BTW - I'm not saying I've never corrected any of my dogs. I can say that I won't correct a dog for a behavior that it has no idea is wrong. If my dog chews on my kitchen table, I should be corrected for not supervising.


----------



## Baillif (Jun 26, 2013)

Super soft dogs just mean more tact needs to be used. It's really why to become really really good at training you need to train a crap ton of dogs under the supervision of someone who is a great trainer and instructor. All the reading and theory in the world can't give you the ability to "feel" what needs to be done with a dog. It can't give you the consistency and the timing. You learn to be empathetic with the dogs when you're training them as you're being trained. You're on the dog about his behaviors and someone else is in you about yours.


----------



## Baillif (Jun 26, 2013)

I think the idea behind nrm's being potentially bad depends a lot on how you use it and the dog. If you punish a dog when you're saying no frequently then no carries some past baggage with it and shouldn't be used as an nrm. The word no in that case was used as a conditioned punisher. It predicts punishment for the dog and if the dog is learning something new and all of a sudden hears no which predicts punishment the dog starts to get iffy about the situation quickly. You should use one that carries less weight like wrong or uh oh. Something more neutral.

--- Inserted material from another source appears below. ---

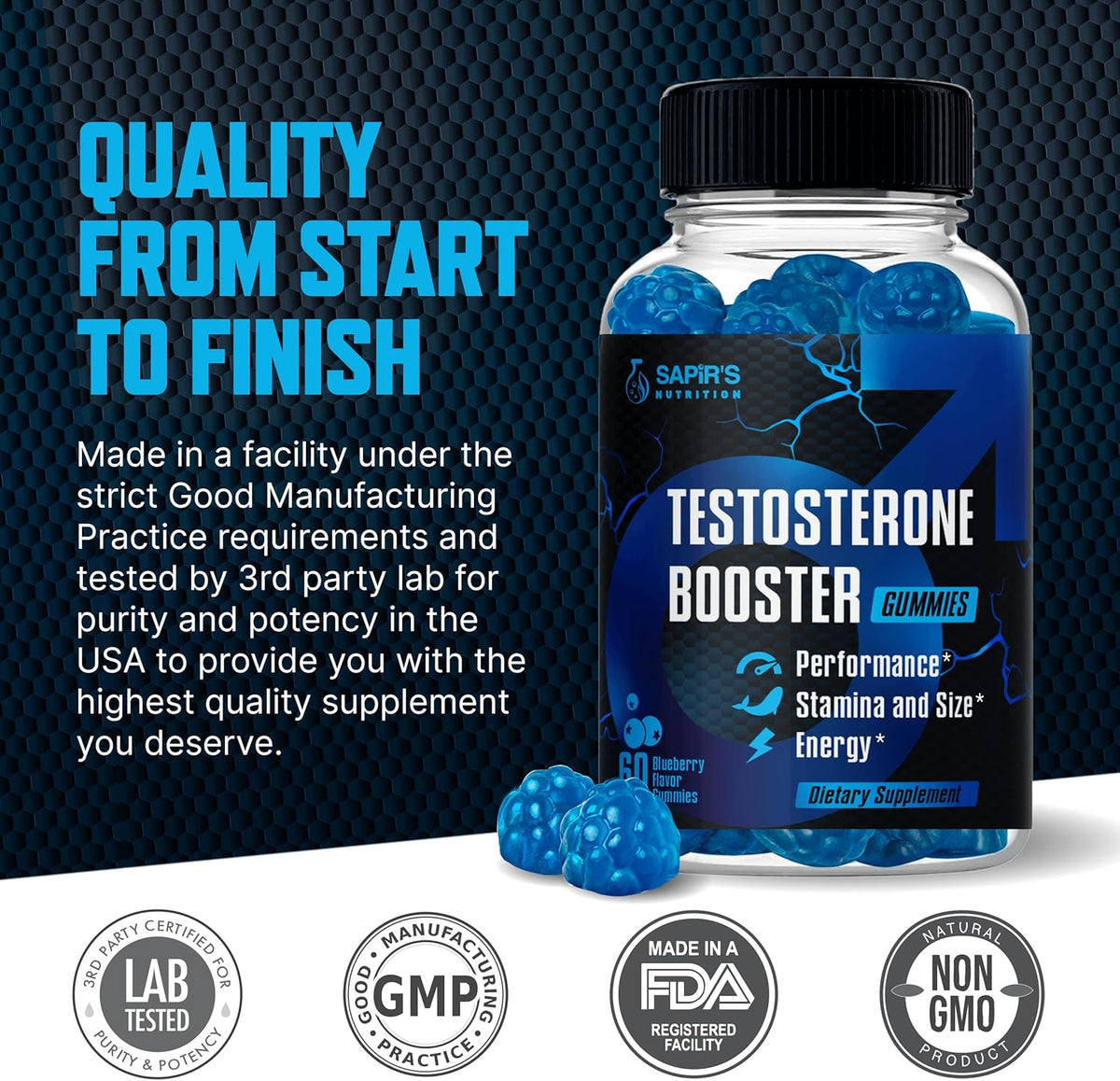 Testosterone Booster Gummies, Male Enhancing Supplement, Add 2 In” Enlargement Gummies for Men , Male Enhancement Chews Energy, Strength, Stamina, Endurance, Performance, Natural Blue Berry Chews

The other factor to be worried about is motivation if a dog is wrong too often. Lots of dogs out there hate being wrong and get frustrated easily. In those cases they might quit working but that really isn't the nrm's fault. It is generally errors made on the part of the trainer. A frustrated dog can potentially fall apart and be wrong more often because of its emotional state.


----------



## dpc134 (Jan 14, 2013)

Lilie said:


> You posted in another thread how you were having problems with your pup obeying the comand sit for more than a few seconds. Try to consider the 'why?'.
> 
> Scenairo: You are standing. You ask your dog to 'sit'. It fronts and sits right in front of you. Your reward the behavior.
> 
> ...


I am not sure what thread you are referring to. 
I have no issues with my dog in sit command.


----------



## mego (Jan 27, 2013)

Kaimeju said:


> Side note: I had a discussion with a positive trainer once about the appropriate use of aversives to prevent dangerous or psychologically damaging situations from occurring (i.e. better to suppress bad behavior than have it cause a dog fight). They ended up agreeing with me that it was appropriate but disagreed that it constituted training. For them, it constituted management and they didn't believe the dog would learn anything from the situation. So yeah, even a positive trainer might resort to aversives in a pinch, they will just deny that they are training and say that it was an emergency management technique. You can see this in Sophia Yin's videos where she is jerking a dog around on a head halter. So that's how some people get around it, philosophically.
> 
> There are some extreme people out there that even believe that a "no reward" marker is damaging to a dog. I don't really get it. I understand that if you use NRMs incorrectly, you will kill the desire to learn quickly, but I don't see how their use itself is a bad thing. That is one side of positive only training. But I think that's very extreme and most people would agree even if they use +R that bad behavior still has to have consequences, it just doesn't merit physical punishment.
> 
> ...


I like your post.

My trainer summed it up as basically this: training needs to be balanced. To _teach_ something _new_, positive reinforcement is best. You teach the dog what thing earns a reward. 
But the other half of the picture comes in in proofing...what happens when the bigger reward is chasing the squirrel across the yard and blowing you off? Positive reinforcement definitely has its place in puppies and new behaviors, but when your dog KNOWS a command and can do it reliably in a non-distracting environment, it's either 1) control the environment, or 2) be at a constant battle to find rewards better than everything else (squirrels, dogs walking by, etc), or 3) Go through a correction phase. Doesn't mean it needs to be harsh, just means the command has two sides: you do it, bonus - you get rewarded, you dont do it, boo - you get a correction. For my dog the correction phase doesn't last long, and it becomes very clear to her that commands are not something that are a choice, and if she just does them and 'gets them over with' I'm happy, and then she is released to go back and do whatever she wants.
She likes doing them a lot more now too because its very clear to her exactly what I want


----------



## Lilie (Feb 3, 2010)

dpc134 said:


> I am not sure what thread you are referring to.
> I have no issues with my dog in sit command.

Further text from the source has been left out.